Esiste il legittimo timore che, proprio in virtù dei suoi contenuti islamisti e autoritari, la riforma possa concorrere ad alimentare nei cittadini turco-olandesi una cultura politica sempre più aliena rispetto ai valori di libertà e tolleranza tipica dell’Olanda. In ogni caso è concreto il rischio che il dibattito politico e il clima dello scontro elettorale si surriscaldino proprio a ridosso del voto e che la campagna elettorale olandese possa essere influenzata da quella turca. In ultima analisi gli olandesi non intendono ammettere interferenze nella propria vita politica democratica.
Da qui è derivata l’irrituale decisione di vietare il diritto di atterraggio all’aereo che doveva condurre a Rotterdam il ministro degli Esteri turco, così come quella di riaccompagnare alla frontiera tedesca la ministra della Famiglia di Ankara. Decisioni irrituale abbiamo detto: che peraltro facevano seguito all’arroganza e all’ostinazione con la questione da parte turca si è perseguita la strada della provocazione e dell’incidente diplomatico. La controprova della personale volontà turca di cercare la gazzarra a tutti i costi è nelle inaccettabili parole proferite da Erdogan, che ha definito la coraggiosa Olanda un «residuo del nazismo», dimostrando lo stesso amore per la storia di Ahmadinejad (il presidente iraniano che represse nel sangue l’onda verde) quando negava l’Olocausto.
Come ha reagito l’Europa a un attacco a uno Stato che è tra i suoi "padri fondatori"? Con imbarazzo a dir poco. Invece di sostenere la richiesta di scuse per l’inqualificabile comportamento della Turchia, ha nicchiato. Ora sia chiara una cosa. Si possono avere opinioni diverse sulla opportunità politica della decisione delle autorità olandesi. Ma nessuna defezione è possibile rispetto al principio di solidarietà di fronte alle accuse infamanti che l’Olanda ha ricevuto. Ognuno invece ha pensato al suo "particulare": a cominciare dalla Germania di Angela Merkel che, terrorizzata dall’eventualità che Ankara denunci l’accordo blocca migranti, ha steccato l’ennesimo esame di maturità da leader della nuova Europa. Non portando a casa nulla, tra l’altro, dato che già ieri pomeriggio il governo turco faceva sapere di voler rivedere (sospendere?) Il medesimo accordo che tanto sta a cuore a Berlino.
Va benissimo la ricerca del dialogo con un vicino di peso come la Turchia. Ma questo non può e non deve significare la timidezza rispetto alle pose da macho del suo presidente.
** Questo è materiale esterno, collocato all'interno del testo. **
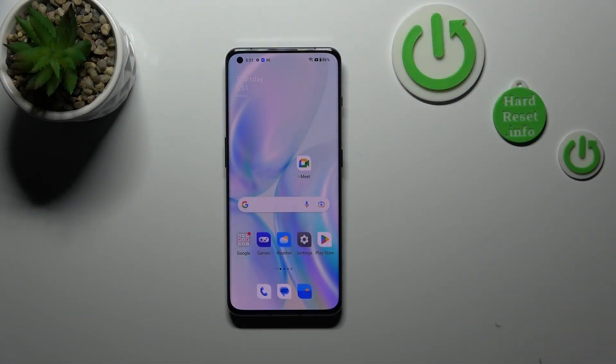Hi everyone. I've got OnePlus 11 and let me share with you how to change keyboard language on this device.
Non pago degli insulti, Erdogan è passato a minacciare di far pagare al l’Olanda un caro prezzo per l’affondo subito. Qualcosa a metà tra il bar sport e il ben più preoccupante slogan degli anni di piombo: "Pagherete caro, pagherete tutto!". Questo è intollerabile. E non deve essere tollerato neppure in ossequio a una Realpolitik che teme di "perdere la Turchia a favore della Russia". Se non ve ne siete ancora accorti, è già successo.